Could each entry below be written out exactly, with every picture dropped?

BEGIN RECORDS FOR PROCESSING

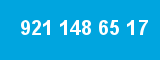 921 148 65 17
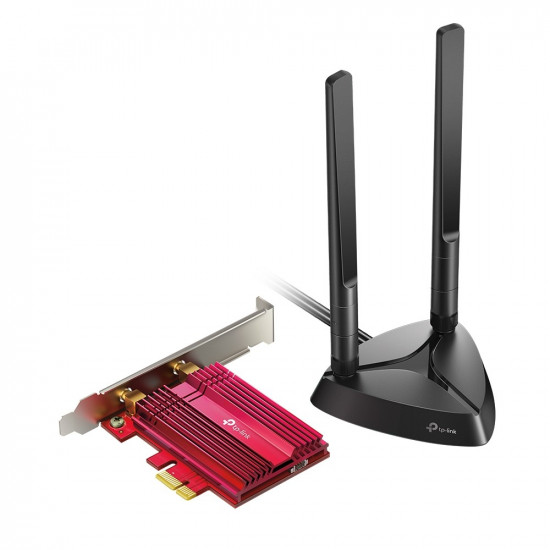 Archer TX3000E PCI-E WiFi AX30000 BT 5.0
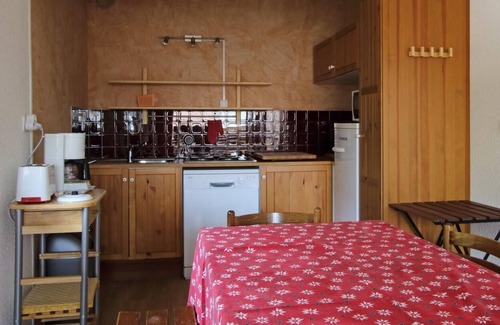 Mijoux Apartment | Chalet Apartment for 9 people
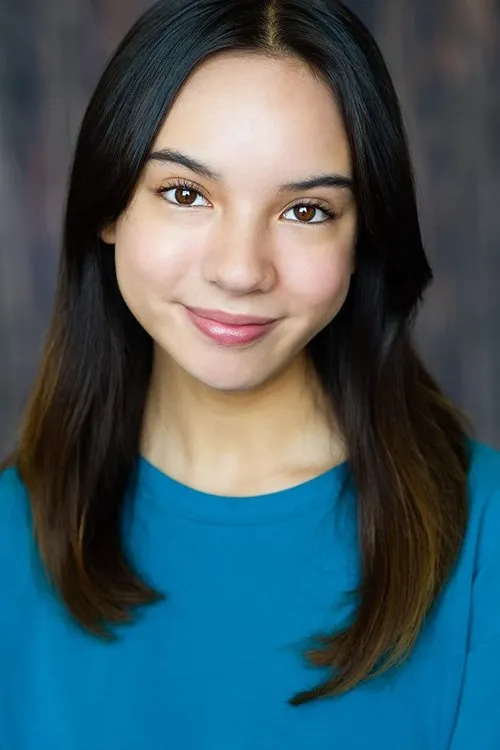 Elliotte Strange ha trabajado con Simone Link en 1 ocasiones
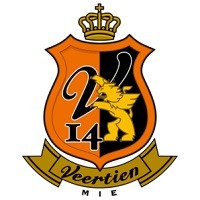 Escudo del Veertien Mie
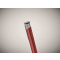 Gerecyclede  aluminium balpen - Topgiving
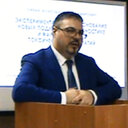 Konstantin V Sivak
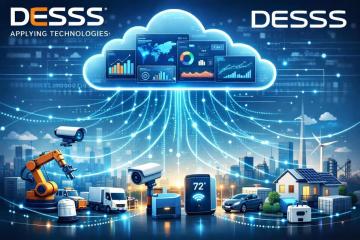 IoT Consulting in Houston | Smart Connected Solutions & IoT Strategy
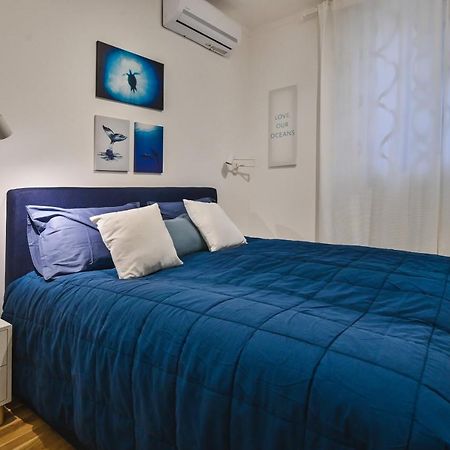 Pieces Of Nature In A Stylish One-Bedroom Flat By Flat Mаnager Sofia Ngoại thất bức ảnh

END RECORDS FOR PROCESSING

→ TASK ANSWER:
 921 148 65 17
 Archer TX3000E PCI-E WiFi AX30000 BT 5.0
 Mijoux Apartment | Chalet Apartment for 9 people
 Elliotte Strange ha trabajado con Simone Link en 1 ocasiones
 Escudo del Veertien Mie
 Gerecyclede  aluminium balpen - Topgiving
 Konstantin V Sivak
 IoT Consulting in Houston | Smart Connected Solutions & IoT Strategy
 Pieces Of Nature In A Stylish One-Bedroom Flat By Flat Mаnager Sofia Ngoại thất bức ảnh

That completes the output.